2. Encoding fuzzy sets into bit slots:
• Each fuzzy-set value receives a binary code (for example, “Low” = 00, “Medium” = 01, “High” = 10).
• Thus, after fuzzification, milk yield of 8,000 kg is encoded as 01.
• The animal’s other traits also receive the 01 code because they belong to the “Medium” category.
3. Index packing:
• To account for the animal type, a 2-bit code is added to define the category: 00 = dairy breed, cow; 01 = dairy breed, bull; 10 = beef breed, cow; 11 = beef breed, bull.
• This code is placed into the most significant slot of the bit vector before the trait codes.
4. Forming the fuzzy bit vector:
• The binary codes for all traits are combined into one fuzzy bit vector arranged in order of trait significance.
• For example, for a dairy cow the bit vector may take the form “000101010101”.
5. Converting the bit vector into a compact SFI index:
• The binary vector is encoded using a Base alphabet (ABCEHKMOPTXY) to reduce size and simplify storage.
• As a result, encoding the bit vector “000101010101” yields the final breeding index “AKXA”.
Example animal profile:
• Type: dairy breed, cow → 00
• 305-day milk yield: 8,000 kg → “Medium” 01
• Live weight: 700 kg → “Medium” 01
• Growth rate: 1.5 kg/day → “Medium” 01
• Milk protein content: 3.8% → “Medium” 01
• Temperament: 2 points → “Medium” 01
Combining all these traits into the bit profile “000101010101” and encoding it in the Base alphabet gives the final SFI breeding index: AKXA.
This index is easy to interpret, compact, and suitable for efficient comparison of breeding animals.
Index packing
For ease of storage and practical use, the fuzzy bit vector representing animal breeding value can be encoded into a Base alphabet to shorten its length.
Converting the bit vector into a Base format:
• Bits are grouped and translated into an encoding system such as Base32 or Base58.

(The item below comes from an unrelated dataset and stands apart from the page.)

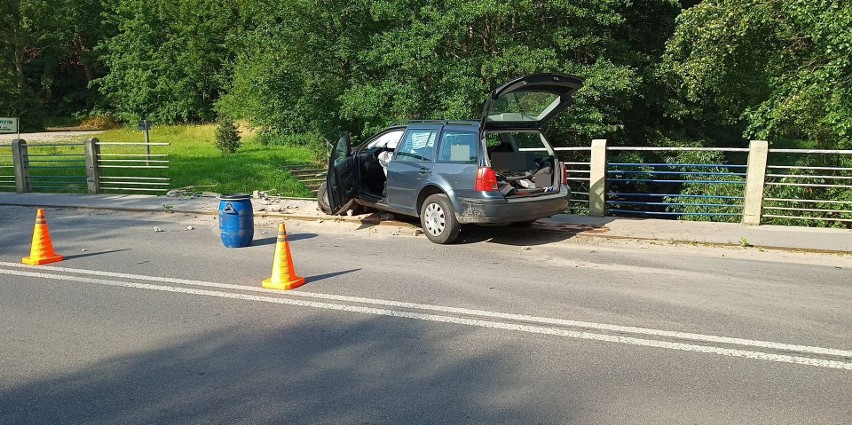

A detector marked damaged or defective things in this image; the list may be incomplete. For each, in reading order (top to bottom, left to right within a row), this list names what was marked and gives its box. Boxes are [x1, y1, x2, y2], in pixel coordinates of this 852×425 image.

damaged car body [320, 73, 584, 242]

• To simplify perception, the index can be represented using the alphabet ABCEHKMOPTXY, which excludes visually similar symbols.
Comparative analysis of different evaluation methods
The bitwise fuzzification method can be used not only to assess the breeding value of animals, but also in other domains where objects with fuzzy traits must be ranked.

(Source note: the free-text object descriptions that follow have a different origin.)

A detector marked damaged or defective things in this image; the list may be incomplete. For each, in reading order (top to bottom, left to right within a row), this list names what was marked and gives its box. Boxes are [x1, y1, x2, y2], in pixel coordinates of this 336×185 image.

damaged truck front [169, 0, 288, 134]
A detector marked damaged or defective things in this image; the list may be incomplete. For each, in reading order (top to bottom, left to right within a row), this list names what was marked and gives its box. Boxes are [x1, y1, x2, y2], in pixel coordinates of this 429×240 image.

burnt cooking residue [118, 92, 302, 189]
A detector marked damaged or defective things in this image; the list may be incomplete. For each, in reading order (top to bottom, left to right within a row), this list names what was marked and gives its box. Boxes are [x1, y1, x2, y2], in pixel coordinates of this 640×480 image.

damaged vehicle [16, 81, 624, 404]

Three potential application areas are:
• a student knowledge-profile evaluation index (SFI-Knowledge);
• an employee evaluation index (SFI-Employee);
• an enterprise/region digital-maturity index (SFI-Digital).

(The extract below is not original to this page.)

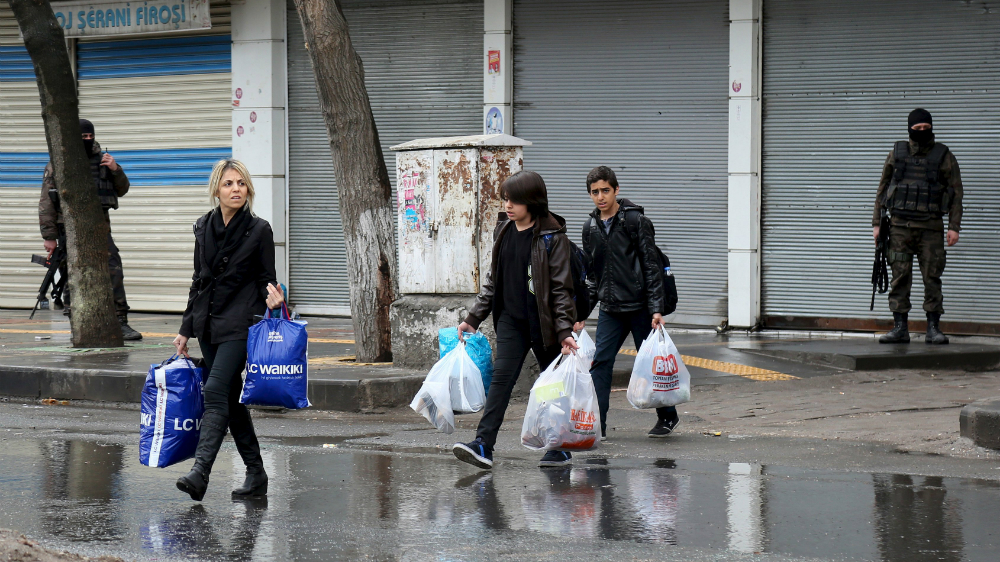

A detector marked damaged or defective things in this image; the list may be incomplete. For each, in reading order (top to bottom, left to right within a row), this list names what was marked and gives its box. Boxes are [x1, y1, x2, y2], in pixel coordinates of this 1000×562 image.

Each such index would be built on fuzzified traits grouped into fuzzy bit slots.
Conclusion
The proposed bitwise fuzzification method for evaluating the breeding value of animals represents a new direction in breeding science.
Unlike traditional approaches, it accounts for variability in phenotypic traits without relying on rigid thresholds.
It also simplifies information storage and processing through binary encoding.
The method makes it possible to build the SFI fuzzy bit index, which reflects the animal’s comprehensive breeding value in a convenient binary format.
The use of fuzzy sets and bit encoding minimizes information loss and creates a universal evaluation system that can be adapted to different species, breeds, regions, and breeding programs.
This research did not identify analogous methods that combine fuzzy logic and bit encoding to represent breeding traits.
That confirms the novelty of the proposed method, which can be used as an alternative tool for breeding-value assessment and adapted to related problem domains.